A building-permit application under City review shows that Tenant Contractors Inc. is the contractor for an $860,000 project to renovate 28,850 square feet for SunGard on the 11th floor of the east tower.

Plans show executive offices, offices, open office areas, training and meeting rooms, a boardroom and a breakroom, "quiet" rooms and space for IT equipment.

A project summary shows SunGard AvantGard intends to spend $4.4 million in private capital investment for the move.

SunGard AvantGard has 80 employees and intends to add 170 for a total of 250.The new jobs would pay an annual wage of $54,719 plus a benefit package valued at $12,300.

The company seeks $1.02 million through the Qualified Target Industry Tax Refund program. The City's obligation would be no more than $204,000, or 20 percent. The state will pay the remaining $816,000, or 80 percent.

The deal was jointly announced Wednesday by the City and JAX Chamber and the legislation was filed later that day.

Because the deal was less than $300,000 in City incentives, the deal was eligible for Council's one-cycle fast-track process, which allows it to be filed, introduced and voted on in less than a week.
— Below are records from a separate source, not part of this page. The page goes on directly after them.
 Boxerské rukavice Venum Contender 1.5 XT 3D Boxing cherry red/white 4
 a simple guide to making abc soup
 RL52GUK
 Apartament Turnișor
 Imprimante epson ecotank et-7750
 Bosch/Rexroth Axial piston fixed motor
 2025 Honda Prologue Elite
The Finance Committee also approved an incentives deal May 7 for Railex LLC, an expedited train service marketed to the food, beverage, pharmaceutical and manufacturing industries.
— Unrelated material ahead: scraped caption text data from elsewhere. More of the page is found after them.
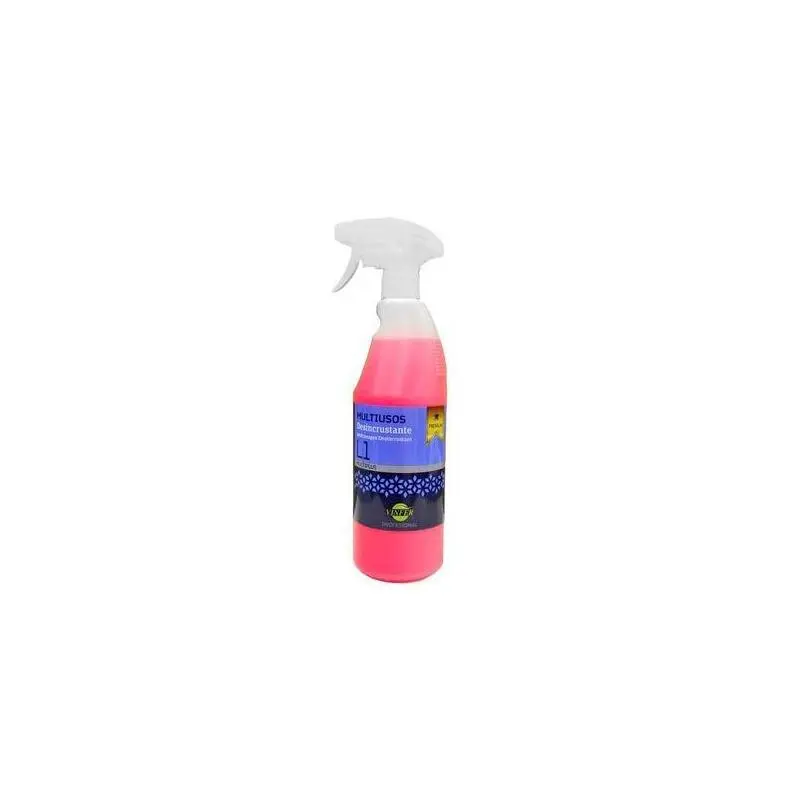 Multi-purpose Descaler L1-12x750ml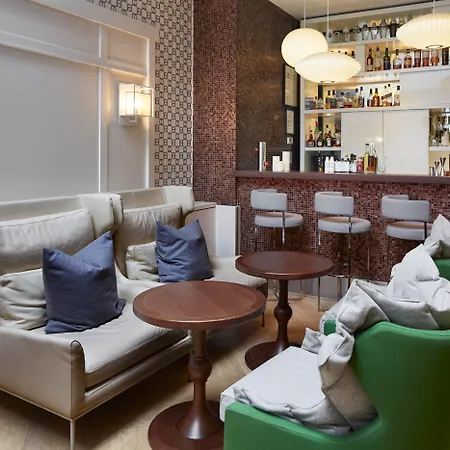 Bel Ami Hotel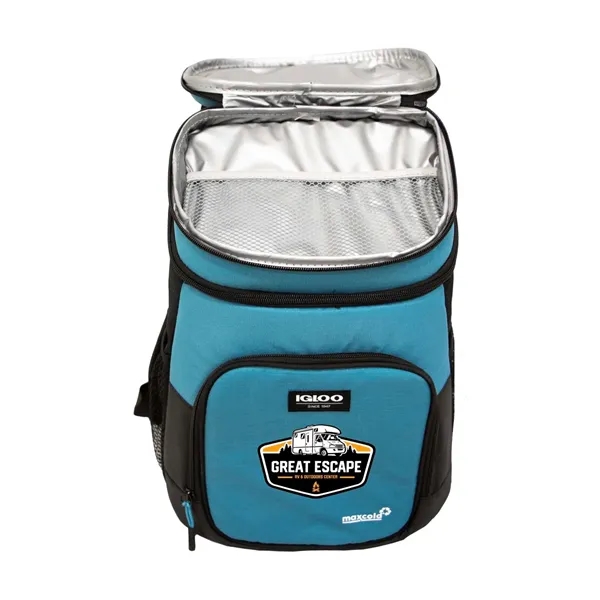 Keep your drinks and snacks perfectly chilled on the go with... from ASI 87188 Showdown Displays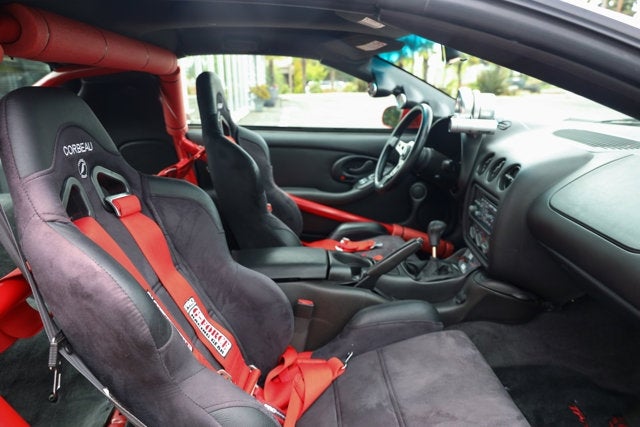2001 Pontiac Firebird Trans Am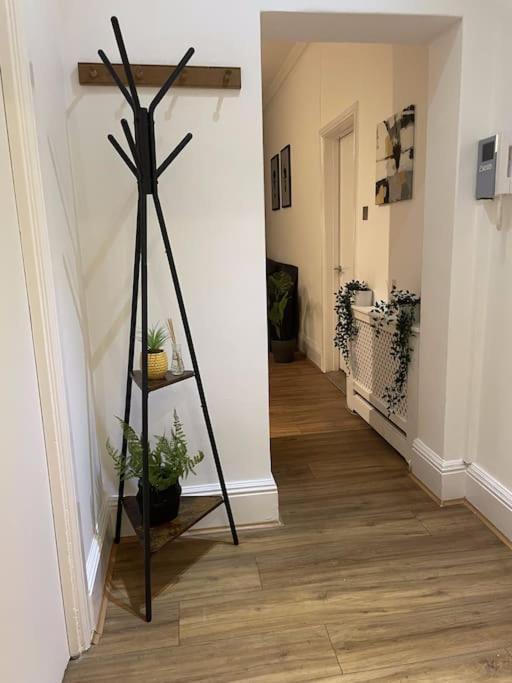 Lovely 2 Bedroom Apartment In Chelsea Sw3 London Exterior foto
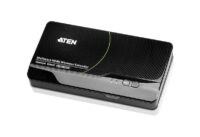 Bezprzewodowy nadajnik Multicast HDMI- ATEN VE849T Bezprzewodowy nadajnik Multicast HDMI- ATEN VE849T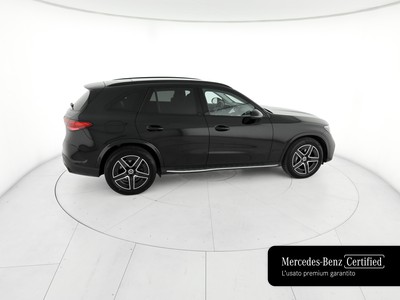 Mercedes GLC - foto 5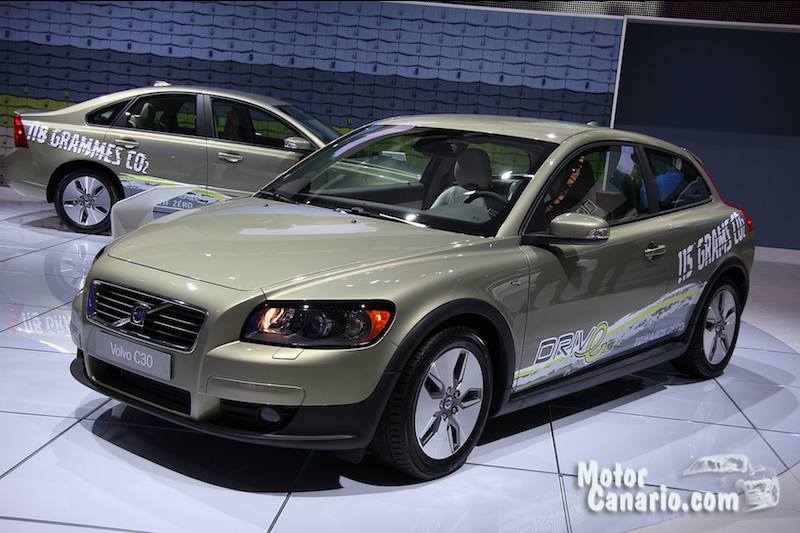 Sal�n Internacional de Par�s 2008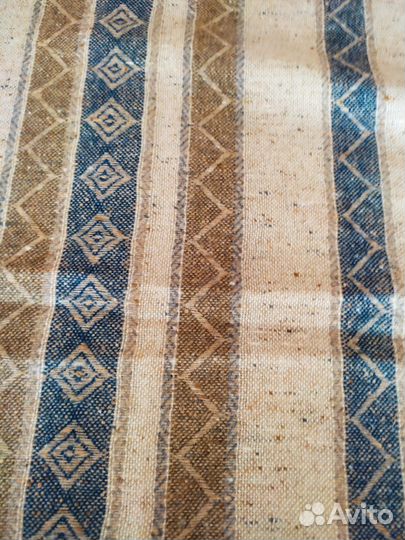 Ткань из натуральной шерсти. Германия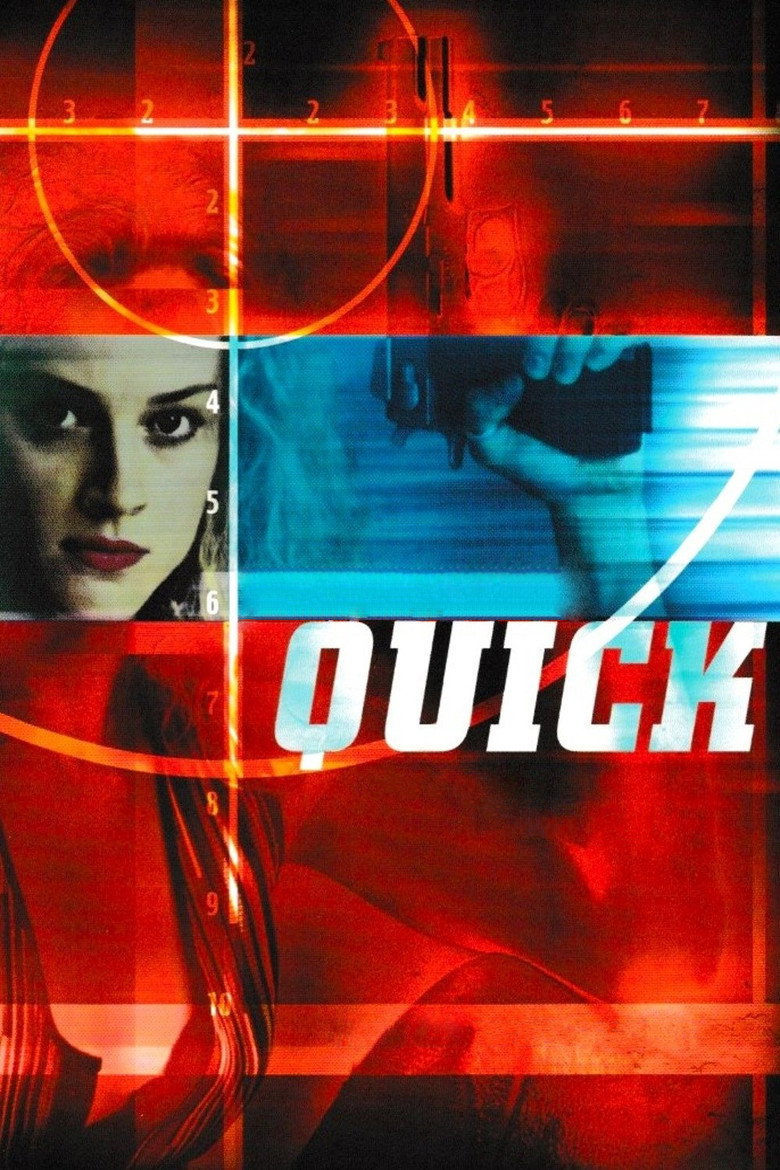 Quick (1993) TMDB poster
The company seeks almost $8.8 million in City and state incentives to acquire undeveloped rail-spur property along Philips Highway to construct a multimodal logistics center.

The 18-acre tract of undeveloped rail-spur property is adjacent to Florida East Coast Railroad.
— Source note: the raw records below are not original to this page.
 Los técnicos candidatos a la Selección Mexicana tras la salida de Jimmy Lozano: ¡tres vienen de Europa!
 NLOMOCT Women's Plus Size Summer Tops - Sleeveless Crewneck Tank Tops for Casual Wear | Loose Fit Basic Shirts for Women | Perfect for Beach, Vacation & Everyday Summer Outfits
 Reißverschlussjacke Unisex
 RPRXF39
The incentives comprise more than $1.7 million from the Qualified Target Industry Tax Refund program, of which $341,000 would be paid by the City and $1.4 million would be paid by the state; $1.6 million from the City through a Recapture Enhanced Value grant, paid over five years to refund taxes on properties and investments made by the company; $5 million from the state's Economic Development Transportation Fund, commonly called the road fund, an infrastructure incentive; and $465,000 from the state's Quick Response Training grant, provided by Workforce Florida.

The company proposes to create 310 jobs by Dec. 31, 2018, with an estimated payroll of $17.3 million. Of the jobs, 200 would be created by Dec. 31, 2014.

After the Finance Committee approved the incentives May 7, Railex executive Paul Esposito said the company has looked at locations throughout Florida and Georgia, but that Jacksonville has "set itself apart as far as a logistics hub."

Esposito, Railex executive vice president of network planning and government relations, cited Jacksonville's port and rail and road infrastructure as examples of the logistics benefits.

Esposito said the company has been considering the Southeast since 2006 and the Jacksonville facility would serve as its logistics center for the region.

The facility will be the company's fourth logistics center. The others are in Delano, Calif.; Wallula, Wash.; and Rotterdam, N.Y. The Jacksonville building and design will mirror those facilities, Esposito said.

The project summary shows the company is projected to invest $105.7 million within a five-year ramp-up period.

The facility will comprise 252,000 square feet of refrigerated freight consolidation and deconsolidation warehouse and distribution facilities.

The expected investment consists of $2.3 million in land acquisition, $34.8 million in building construction, $1.7 million in manufacturing and packaging equipment, $6.2 million in warehouse equipment and technology infrastructure, $700,000 in furniture and fixtures and $60 million in refrigerated rail cars and intermodal trailers.